I hope you'll go buy a ticket.
# posted by Anonymous Noah Harlan @ 2/09/2009 10:38 PM  

 
Hey Noah,

I'm sort of playing here both sides of the argument, and in printing the letter I'm giving the poster the benefit of the doubt by taking him at face value, i.e., that he would legally pay for the film if he had a way to do it. Also, I have always rejected the zero-sum approach to evaluating piracy. In other words, I don't believe that every download is automatically a lost ticket sale. The question for me in this specific and somewhat academic look at the situation is whether a downloader like Jonathan creates word-of-mouth that offsets the negative effect of the piracy.

As a producer, though... I empathize with your response. I produced a film a few years ago that got great reviews (86% on Rotten Tomatoes) but barely crept over $1 million in box office. In the old days, we used to think that a $2 million box-office gross was a sign of some kind of success (now, none of the mini-majors would be happy with that number). I happened to be out with a family member and his fiance, who was not in the film business. I mentioned the film Robin and I had in the theaters and the woman said, "Oh, I hear it's really good -- all my friends have seen it." "At the Angelika?" I asked. "No, they all downloaded it," she said. I was bummed for us and for the filmmaker as all of us would have had our careers boosted by a bigger b.o. number.

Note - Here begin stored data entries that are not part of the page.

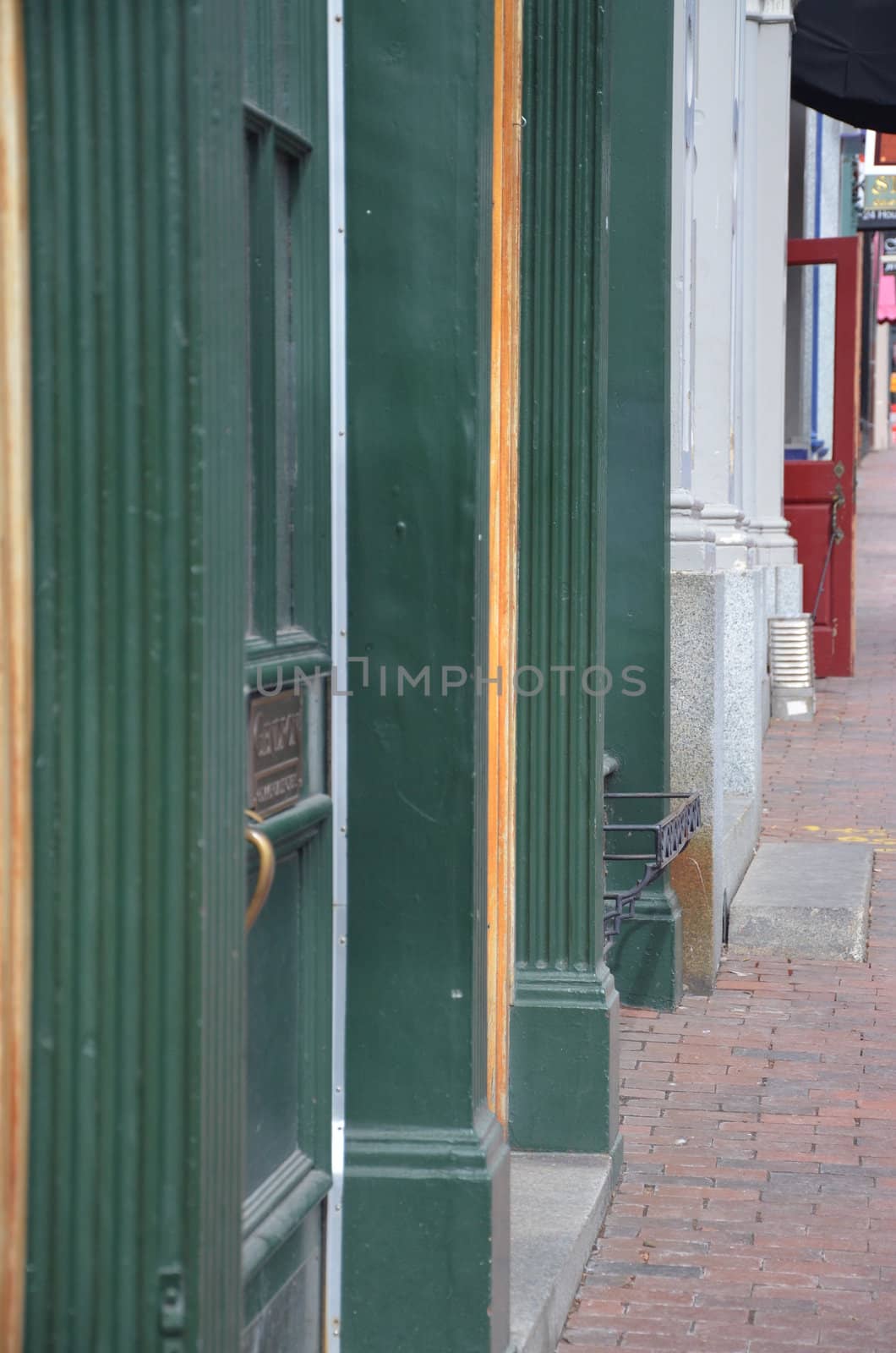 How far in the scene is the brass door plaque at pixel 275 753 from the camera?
256 cm

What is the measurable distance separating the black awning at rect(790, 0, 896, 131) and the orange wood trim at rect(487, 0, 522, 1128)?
8506mm

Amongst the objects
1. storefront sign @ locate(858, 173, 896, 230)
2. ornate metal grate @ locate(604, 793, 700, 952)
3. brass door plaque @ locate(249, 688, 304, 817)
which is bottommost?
ornate metal grate @ locate(604, 793, 700, 952)

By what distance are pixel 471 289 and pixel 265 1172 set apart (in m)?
1.45

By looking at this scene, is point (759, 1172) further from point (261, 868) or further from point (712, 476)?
point (712, 476)

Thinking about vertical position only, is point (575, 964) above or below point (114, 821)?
below

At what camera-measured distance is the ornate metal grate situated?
219 inches

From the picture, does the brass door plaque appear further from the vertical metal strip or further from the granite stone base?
the granite stone base

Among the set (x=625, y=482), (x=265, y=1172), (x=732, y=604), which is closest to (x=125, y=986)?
(x=265, y=1172)

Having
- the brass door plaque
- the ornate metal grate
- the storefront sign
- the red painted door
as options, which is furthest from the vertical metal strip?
the storefront sign

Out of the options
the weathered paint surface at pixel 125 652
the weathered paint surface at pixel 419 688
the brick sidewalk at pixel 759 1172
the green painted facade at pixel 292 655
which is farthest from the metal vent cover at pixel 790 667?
the weathered paint surface at pixel 125 652

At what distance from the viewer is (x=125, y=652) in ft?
6.25

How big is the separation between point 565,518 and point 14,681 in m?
2.86

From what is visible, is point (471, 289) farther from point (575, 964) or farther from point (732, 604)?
point (732, 604)

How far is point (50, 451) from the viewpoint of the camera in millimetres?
1888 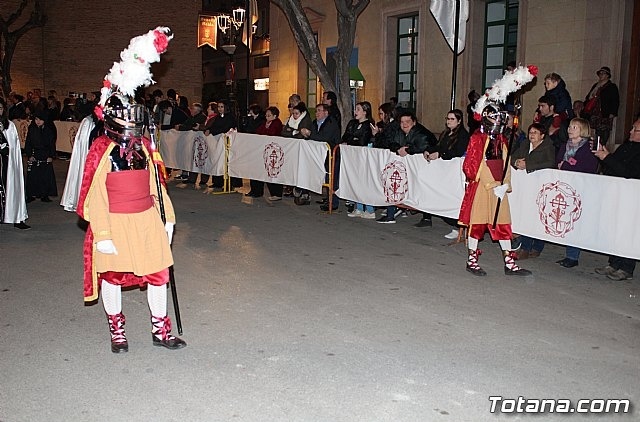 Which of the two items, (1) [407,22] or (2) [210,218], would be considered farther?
(1) [407,22]

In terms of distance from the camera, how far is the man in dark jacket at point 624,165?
24.0 feet

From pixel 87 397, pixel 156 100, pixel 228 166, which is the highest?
pixel 156 100

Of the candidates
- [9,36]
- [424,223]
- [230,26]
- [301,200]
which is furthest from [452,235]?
[9,36]

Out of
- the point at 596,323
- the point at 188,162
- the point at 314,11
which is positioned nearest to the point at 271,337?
the point at 596,323

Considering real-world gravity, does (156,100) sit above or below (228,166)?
above

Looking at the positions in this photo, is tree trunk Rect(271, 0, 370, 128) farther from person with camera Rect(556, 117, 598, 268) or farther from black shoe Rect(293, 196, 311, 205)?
person with camera Rect(556, 117, 598, 268)

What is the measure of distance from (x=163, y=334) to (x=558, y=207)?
15.7 feet

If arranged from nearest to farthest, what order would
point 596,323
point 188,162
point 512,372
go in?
point 512,372
point 596,323
point 188,162

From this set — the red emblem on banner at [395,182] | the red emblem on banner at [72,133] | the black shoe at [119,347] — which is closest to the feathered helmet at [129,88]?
the black shoe at [119,347]

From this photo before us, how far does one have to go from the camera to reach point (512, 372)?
484 cm

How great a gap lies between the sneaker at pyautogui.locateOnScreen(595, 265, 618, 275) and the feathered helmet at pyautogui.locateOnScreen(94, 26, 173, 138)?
210 inches

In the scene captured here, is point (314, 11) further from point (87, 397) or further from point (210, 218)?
point (87, 397)

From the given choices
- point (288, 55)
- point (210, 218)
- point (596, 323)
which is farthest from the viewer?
point (288, 55)

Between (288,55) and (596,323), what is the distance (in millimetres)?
18164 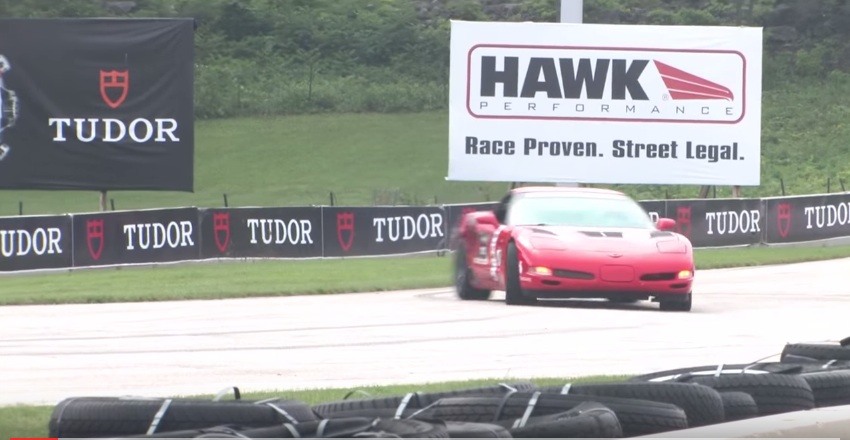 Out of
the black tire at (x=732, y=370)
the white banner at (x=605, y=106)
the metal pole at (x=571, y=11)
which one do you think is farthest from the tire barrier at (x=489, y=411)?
the white banner at (x=605, y=106)

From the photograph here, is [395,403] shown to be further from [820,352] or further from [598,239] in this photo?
[598,239]

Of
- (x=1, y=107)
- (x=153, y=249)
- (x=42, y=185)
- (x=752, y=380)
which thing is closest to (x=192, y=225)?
(x=153, y=249)

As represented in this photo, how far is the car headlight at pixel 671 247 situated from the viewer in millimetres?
15271

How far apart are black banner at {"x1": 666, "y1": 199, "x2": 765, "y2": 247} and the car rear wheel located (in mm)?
15239

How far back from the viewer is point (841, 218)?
33750mm

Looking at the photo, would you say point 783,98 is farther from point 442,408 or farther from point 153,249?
point 442,408

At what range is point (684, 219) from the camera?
103 ft

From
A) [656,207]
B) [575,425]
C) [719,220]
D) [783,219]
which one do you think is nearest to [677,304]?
[575,425]

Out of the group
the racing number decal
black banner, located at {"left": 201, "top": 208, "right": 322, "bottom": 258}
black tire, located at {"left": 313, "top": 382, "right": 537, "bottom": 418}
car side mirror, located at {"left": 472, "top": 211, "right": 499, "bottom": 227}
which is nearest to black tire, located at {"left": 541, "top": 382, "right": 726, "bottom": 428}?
black tire, located at {"left": 313, "top": 382, "right": 537, "bottom": 418}

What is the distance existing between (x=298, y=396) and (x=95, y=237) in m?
17.4

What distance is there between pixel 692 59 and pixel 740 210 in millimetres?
3494

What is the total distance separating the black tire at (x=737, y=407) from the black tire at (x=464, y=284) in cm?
1061

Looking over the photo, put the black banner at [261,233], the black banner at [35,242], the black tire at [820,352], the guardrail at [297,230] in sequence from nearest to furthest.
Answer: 1. the black tire at [820,352]
2. the black banner at [35,242]
3. the guardrail at [297,230]
4. the black banner at [261,233]

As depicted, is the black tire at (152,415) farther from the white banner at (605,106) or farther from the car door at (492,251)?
the white banner at (605,106) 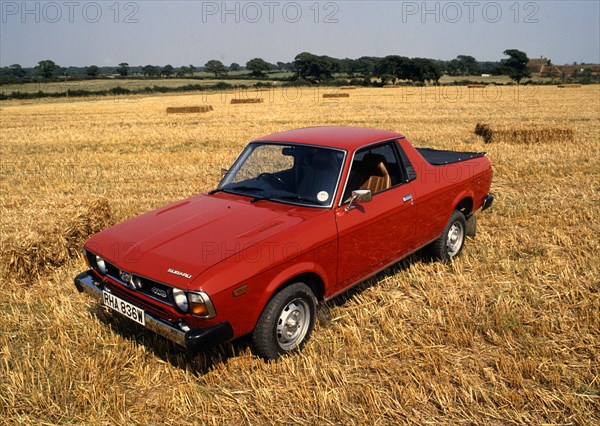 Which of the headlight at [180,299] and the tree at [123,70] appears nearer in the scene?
the headlight at [180,299]

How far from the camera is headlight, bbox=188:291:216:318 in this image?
2.94 metres

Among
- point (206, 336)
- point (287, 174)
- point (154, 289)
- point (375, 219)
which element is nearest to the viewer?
point (206, 336)

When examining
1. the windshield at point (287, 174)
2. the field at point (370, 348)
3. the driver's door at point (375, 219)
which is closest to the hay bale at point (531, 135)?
the field at point (370, 348)

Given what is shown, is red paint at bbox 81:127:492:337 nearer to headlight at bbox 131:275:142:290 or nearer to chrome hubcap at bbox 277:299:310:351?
headlight at bbox 131:275:142:290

On the other hand, once while attending the Sarajevo Film Festival a kid came up to me and asked if I produced "Gummo" and said that it was one of his favorite films. When I said I didn't know the film got a release in Bosnia, he said he bought it bootleg (the old, non-downloadable kind). In this case I was really happy that a film that had few foreign sales was still getting out there.
# posted by Blogger Scott Macaulay @ 2/09/2009 11:32 PM  

 
Scott,

we've had considerable experience with bootlegging/piracy and, in sum, think we've benefited tremendously from it.

BusinessWeek wrote about the piracy issues we faced with our documentary Cocaine Cowboys last July:

http://tinyurl.com/5m86s9
# posted by Anonymous Alfred Spellman @ 2/10/2009 5:04 PM  

 
I have to more or less agree with Noah. It just seems so unlikely that a guy who's seeing HAPPY-GO-LUCKY months in advance of its US release is really going to check it out in theaters when it makes it to him. Maybe Jonathan will, but 9 viewers out of 10 won't.

Notice that he saw SLUMDOG MILLIONAIRE online, as well--a film that is almost certainly playing near him. Did he catch up with it in a theater?

(And if he REALLY wants my sympathy, he shouldn't mention that an adult ticket in his town is $6.50...a price point I haven't seen in well over a decade. For crying out loud, that's a value meal at McDonald's!)